~/siphon

Retention & pruning

siphon dumps prune applies a retention policy to the dump catalog, deleting old backups while guaranteeing it never orphans an incremental from its base. It works against any storage backend (local or S3), since it prunes through the same Store.Delete the catalog already uses.

The chain is the unit

An incremental dump depends on its base (and any intermediate incrementals) to restore. Retention therefore operates on chains, not individual dumps: a base plus its incrementals is kept or deleted as a whole. A full backup is a single-member chain. Counting and bucketing are done over chains, so "keep the last 7" means seven restorable backups, not seven files.

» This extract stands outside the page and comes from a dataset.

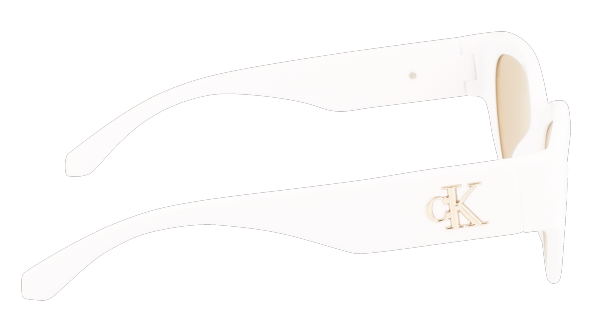 CK 22634 100 55 Calvin Klein Güneş Gözlüğü - 6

A chain's age is the timestamp of its newest member, so a chain that is still being appended to (an old base with a fresh incremental) is treated as young and is never pruned mid-life.

Policy rules

Three rules, each independently enableable. A chain is kept if it satisfies any active rule (union) — adding a rule can only protect more chains, never fewer, so a policy change can't silently delete data a rule meant to keep.

RuleMeaning
keep_last: Nkeep the N newest chains
max_age: <duration>keep chains younger than the duration (Go duration string, e.g. 720h)
gfs: {daily, weekly, monthly}grandfather-father-son: keep the newest chain in each of the most-recent N days / ISO weeks / months

An all-zero / omitted policy keeps everything — prune becomes a no-op. The destructive direction always requires explicit configuration.

Configuration

Retention lives in a retention: block. Set a default for all profiles, and optionally override per profile (the profile block replaces the default block wholesale — it is not field-merged).

defaults:
  retention:
    keep_last: 7
    max_age: 720h            # 30 days
    gfs: { daily: 7, weekly: 4, monthly: 6 }

profiles:
  prod:
    driver: postgres
    # ...
    retention:               # prod keeps more, independent of the default
      keep_last: 30
      gfs: { daily: 14, weekly: 8, monthly: 12 }

Precedence, highest first: CLI flags → profile block → defaults block → built-in (keep everything). An invalid block (negative count, unparseable duration) fails fast at config load.

The CLI

# Dry-run (default): show which chains the policy would prune, for one profile.
siphon dumps prune --profile prod

# Override the configured policy for this run, then actually delete.
siphon dumps prune --profile prod --keep-last 14 --apply

# Pure flag-driven policy (no config), GFS only.
siphon dumps prune --gfs-daily 7 --gfs-weekly 4 --gfs-monthly 6 --apply

--apply performs deletions; without it, prune only prints the plan. Flags (--keep-last, --max-age, --gfs-daily/-weekly/-monthly) override the config-derived policy, but only when explicitly set — an unset flag never zeroes out a configured rule.

Safety properties

  • Dry-run by default — deletion requires an explicit --apply.
  • Keep-everything on empty — a missing or all-zero policy prunes nothing.
  • Union semantics — every rule can only protect; none can cause a surprise deletion.
  • Chain-atomic — a base is only deleted when its whole chain is pruned, so an incremental is never left unrestorable.
  • Leaf-inward deletion — within a pruned chain, incrementals are deleted before the base, so an interrupted prune (Ctrl-C, network blip) leaves at worst a complete shorter chain, never a base missing under a surviving incremental.
  • Collected failures — a single dump that fails to delete is reported and the run exits non-zero, but the remaining chains are still pruned.